# Moisture protection / removal



## sea_going_dude (Dec 7, 2011)

Dryers for your equipment etc.
I haven't been on the forums in a while so if this is a repeat, sorry about that. Anyway, I thought I'd pass along a couple of tips to help prevent rust mildew etc in you equipment. I bought a few of the silica-gel dryers that can be recycled when needed. You can find them at most sporting good stores on line. Another one that I have found at a local "dollar" store and sold for a DOLLAR see photo. These may be bought and kept for a long time as they are not activated until you peel the seal off the top. They can be used in your tools, gun cabinets, closets, and anywhere else that needs to be protected from high humidity and possible condensation, causing mildew etc. You can also save all those silica gel packs from different packages and put a bunch of them into a sock after regenerating them in the oven, 230 degrees or so for several hours.

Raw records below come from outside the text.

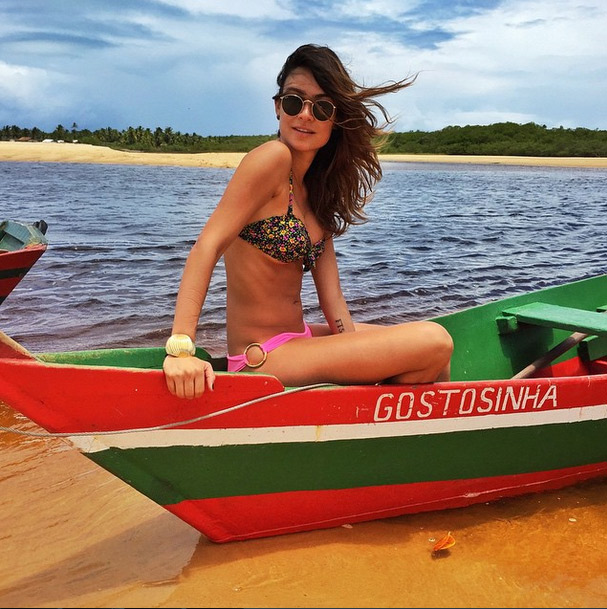  Na Bahia, Thaila Ayala brinca ao posar em canoa: ‘Gostosinha!’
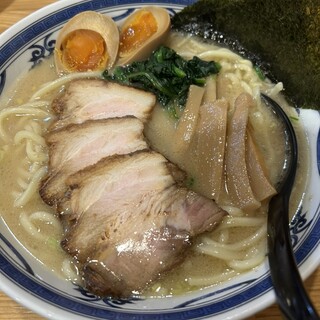 ★れ 風水ラーメン占い / はんつ遠藤 監修: マダム・マーシ 口コミ一覧 : 麺座 風水 （メンザ フウスイ） - 谷塚/ラーメン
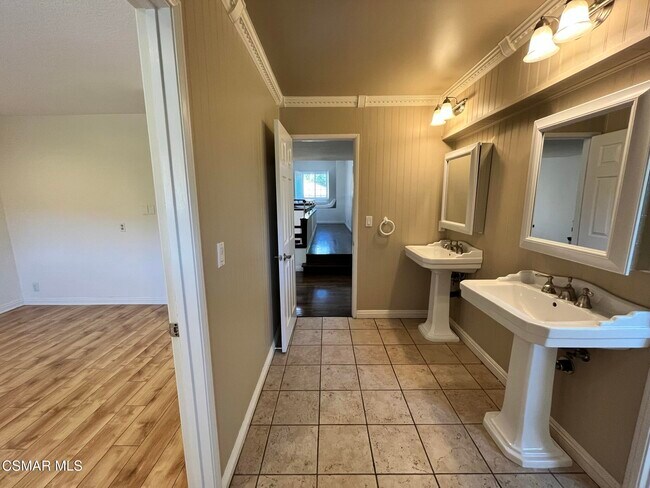 Building Photo - 29160 Oakpath Dr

Place the sock where you need some moisture removed or prevented, You can put these dryers in ammo boxes, gun safes, or in cabinets to help prevent problems.


----------



## sea_going_dude (Dec 7, 2011)

*Other dryers for your cabinets, drawers, closets etc*

I haven't been in here for a while and I have another suggestion THAT I USE to protect tools cameras etc, I have a photo but forgot how to post pix on here. Anyway these dryers use a chemical to remove the moisture from your "stuff" 
They are in a little plastic bucket, they are sealed so they will keep for long time until you decide to activate them by breaking and removing the plastic seal on top. 
They are available from walmarts and other big box stores. They sell them for around 4 to 5 bucks but I found them at a local "dollar tree" store for a buck each.
They have calcium chloride dihydrate. They can't be reused like the silica gel dryers but cheap enough you can use several of them for not too much money. I do use the silica gel ones in my gun cabinets and they last a long time before they have to be rejuvenated.
Sorry I don't remember how to post photo but will do as soon as i remember.
There it is I tried to add an attachment so we'll see.


----------



## sea_going_dude (Dec 7, 2011)

Well looks like I posted almost the same thing I did last time.Oh well sorry about that, I will get it right next time. Like i said it's been a long time since the last post.


----------